Scripps Teaches Heart Patients to Monitor Their Heart Health

Nurses at heart clinic teach patients to improve quality of life

The first two months after the December holidays are when nurse Nancy Brass-Mynderse knows she’s going to start seeing all her heart patients.


“They’ve spent December eating everything they’re not supposed to including candy, pies and salty snacks,” said the nurse practitioner at Scripps Clinic in La Jolla." Then in January and February, they all call in complaining of shortness of breath, swelling in their legs, and overall fatigue."


But thanks to the Scripps Clinic Congestive Heart Failure Clinic, patients can get an appointment, medication or other help they need immediately, without having to wait to see their internist or a cardiologist. The clinic even takes walk-in patients who need urgent attention. Nancy and her nursing partner see about 100 patients a week in their office at Scripps Clinic’s La Jolla site, and care is covered by various insurance plans.
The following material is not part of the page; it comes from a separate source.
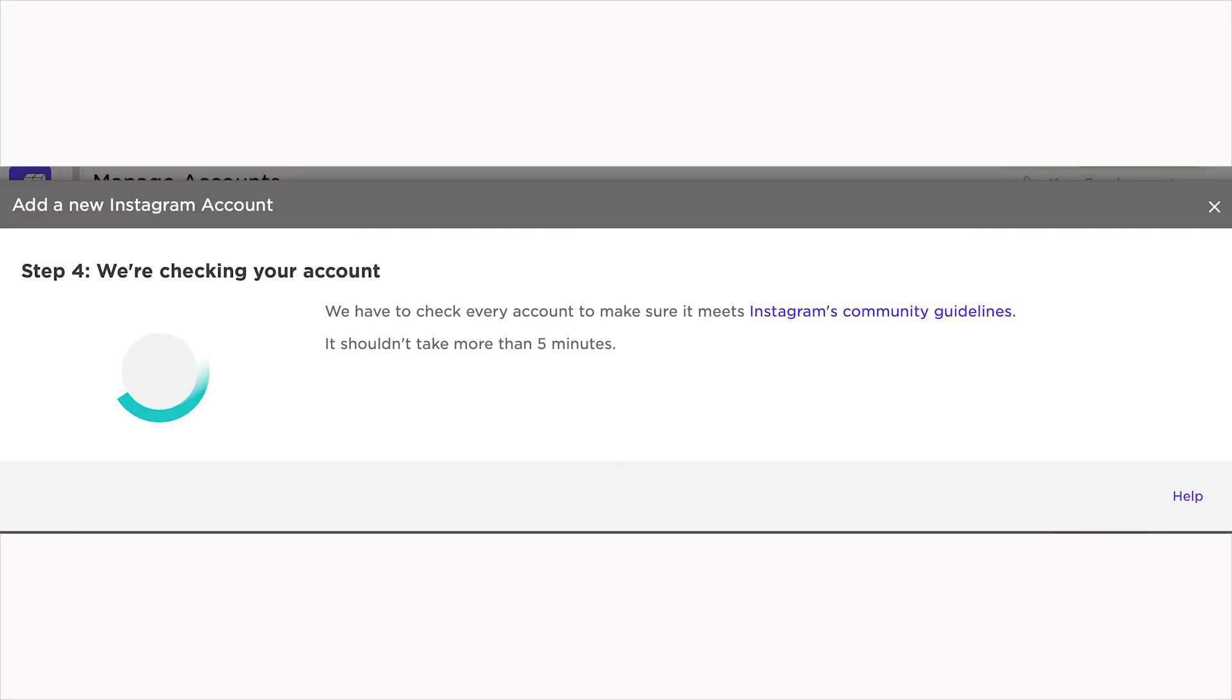It only takes us a few minutes to verify your account and you'll be ready to schedule your first post in no time. Happy scheduling!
Scripps Clinic opened the Congestive Heart Failure Clinic in 1996, when physicians found that many patients with heart problems were not getting healthy after being discharged from the hospital. The readmissions were costly, and often patients did not improve. Then the doctors hit on the idea of having nurse practitioners run a clinic so patients could be monitored on a regular basis and learn about the things that would really improve their health.


“We teach them how they can use diet, exercise, blood pressure checks and their medications to control their condition,” the nurse said. “If they are educated as to what heart failure is and how to control it, they can be the best managers of their own condition.”


Encinitas resident Jack Broward is one Scripps heart patient who credits his health to the CHF Clinic. At 77, Broward still works as a part-time newspaper columnist after three heartaches. “I’ve been able to continue my work as a journalist thanks to care and monitoring from the clinic,” said Broward, who visits for monthly check ups.


The idea has been so successful that Scripps Clinic now has Congestive Heart Failure Clinics at three sites: La Jolla, Encinitas, and Rancho Bernardo. According to the American Heart Association, the national readmission rate in a 30-day period for CHF patients is about 25 percent. But Scripps Clinic’s readmission rate is only 2 percent.


“Our efforts have resulted in a dramatic decrease in the need for hospitalizations among the elderly with weaker hearts,” said David Rubenson, MD, chief of staff at Scripps Green Hospital, who works with nurses at the heart clinic.